Going from the baseline (A) to a dedicated polish pass (B) nearly doubled the quality score. That part was expected. D is where it got weird.

The intuitive next move was D: every pass, every time, belt and suspenders. That's what we expected to be the default. The numbers disagreed. D scored below C, by about half a point, despite doing more work.

Why the "more" strategy lost

Re-reading the outputs side by side, the failure mode showed up fast. The polish pass, running unconditionally after a voice-aware draft, was over-correcting. The draft had specifics in it; the polish pass, trying to tighten the voice, sanded those specifics off. A named person from the draft would come out the other side as "an attendee." Specific numbers got rounded down to "many" or "most." The critic, reading the polished version, noticed the missing specifics and scored it lower.

The polish pass didn't know what to hold onto. If you tell a pass what to change without telling it what to preserve, it strips things you wanted to keep. The polish prompt had a strong rule against certain vocabulary and a weak rule about keeping the original's specifics. We tightened the preservation contract, added a "never drop a proper noun, a number, a date, or a quote" rule in bold at the top of the prompt, and D's scores climbed toward C's. Still not a clean win. The cost of D's extra calls wasn't paying for itself once the polish pass stopped over-correcting.

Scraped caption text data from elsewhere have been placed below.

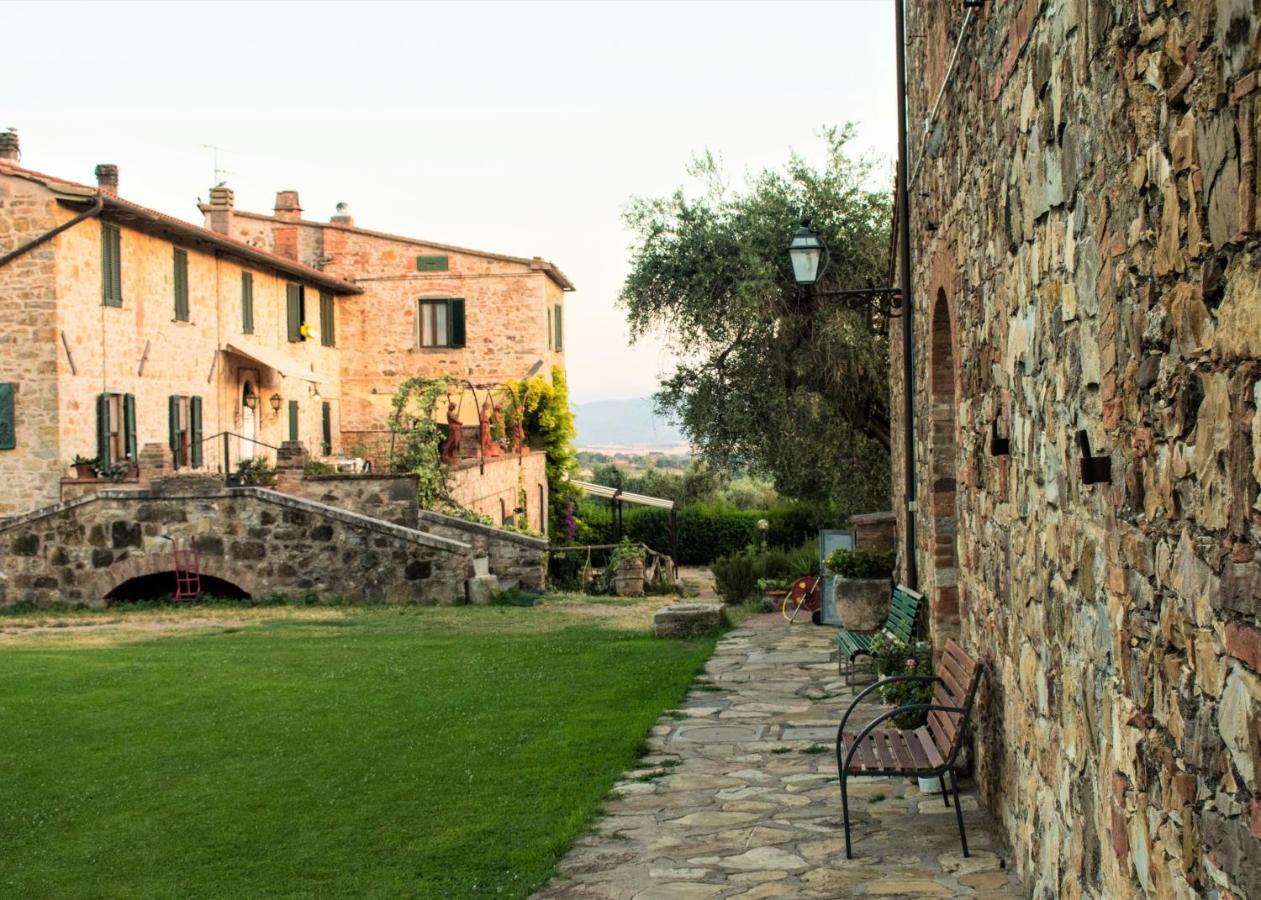 Villa Campospillo Magliano in Toscana Exterior foto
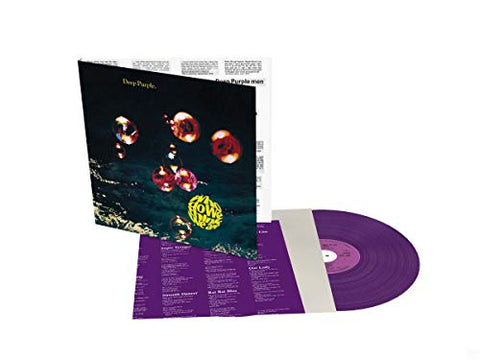 Deep Purple - Who Do We Think We Are ((Vinyl))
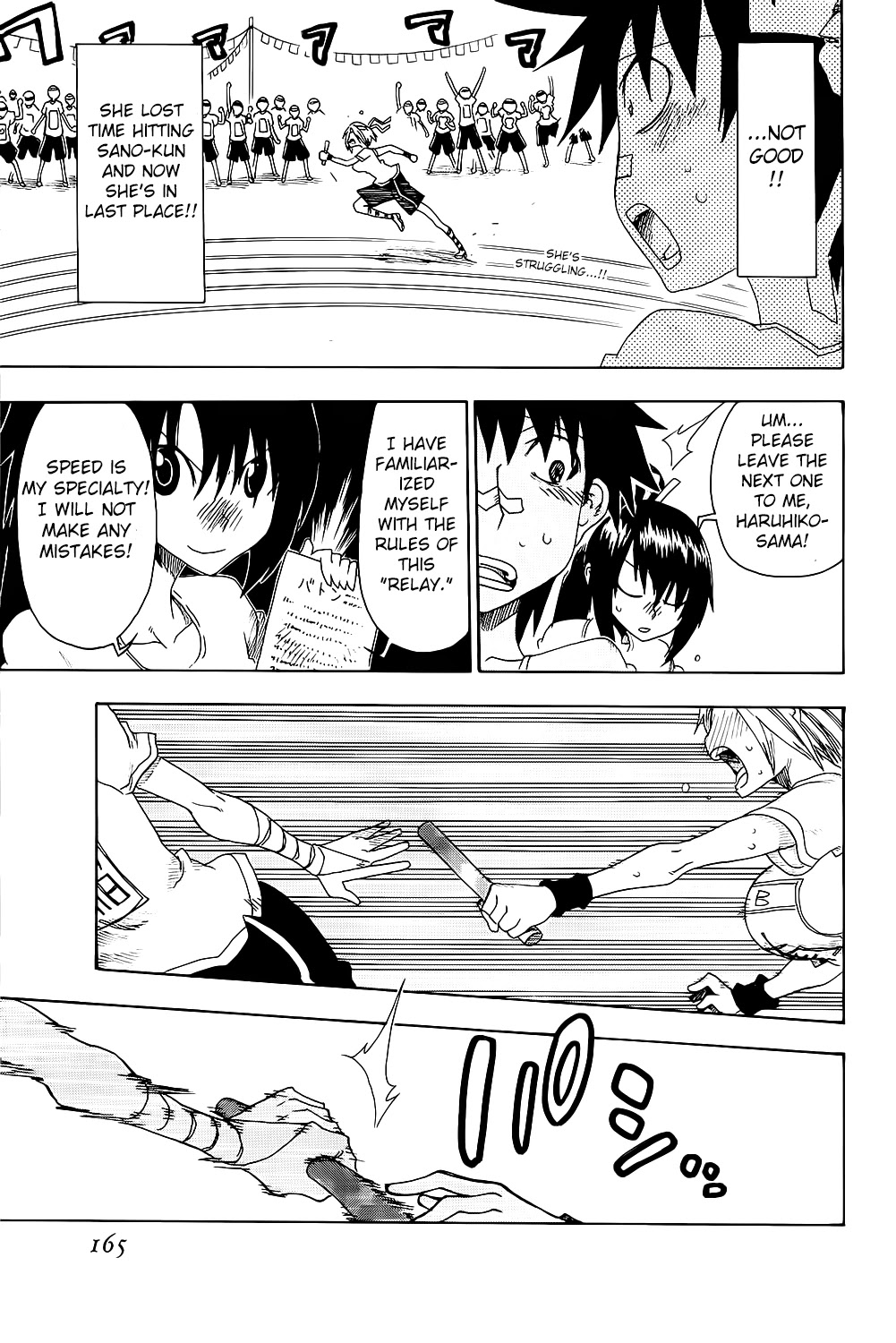 Shiinake no Hitobito Chapter 20 page 23 - Chapter 20: We've Hit Bottom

So we shipped C as the default for routine drafts, with the critic and the regen reserved as escalations. On the interactive chat path, this means users see a polish tool card on every post they create. If the polish pass flags itself as uncertain, they also see a critique card. The regen card is rare, and that's by design.

Three surprises

Regex checks caught more than the LLM judge did. We assumed the soft, qualitative rubric would be the real filter and the regex would be a sanity check. It was closer to the opposite. The LLM judge was generous about phrasings that a quick regex pattern flagged as the exact antithesis formula ("it's not X, it's Y"). The judge rationalized, the regex didn't. Keep both layers, because they catch different things.

Deeper reasoning on the flagship regenerate step mostly didn't help enough to pay for itself. We had a hypothesis that letting the flagship model reason harder would produce much better output on the hardest cases. What we got was slightly better output at 3x the latency. On an interactive path, where a user is waiting for the post to land, slower is a feature regression. We pinned the regen model at the lowest reasoning effort the API allowed and moved on.

The most useful fixture was the poisoned one. The poisoned prompt explicitly asked the model to use the words "transformative," "multifaceted," and "delve into." Strategy A produced exactly what you'd expect: a post that sounded like every other LinkedIn post. Strategies B, C, and D routed around the bait. Watching each architecture handle that one case told us more about their relative quality than any of the polite, realistic fixtures did. If you're evaluating a voice pipeline, throw adversarial inputs at it. The polite inputs won't tell you where the edges are.

The takeaway

Voice is a separable concern. Treat it that way. One model shouldn't be on the hook for research, structure, facts, tools, and voice discipline all at once. Carve voice off into its own pass, give that pass one job and one system prompt, and be explicit about what it's allowed to change and what it has to preserve.

This was one of the more fun problems we've worked on recently. Accuracy has a clean target in the form of facts you can check against. Voice doesn't, which is why Reddit has thousands of posts cataloguing the exact phrases readers learn to flag. The target is a resemblance to a specific person, and that's a different kind of target than any of the ones most agent pipelines are trying to hit.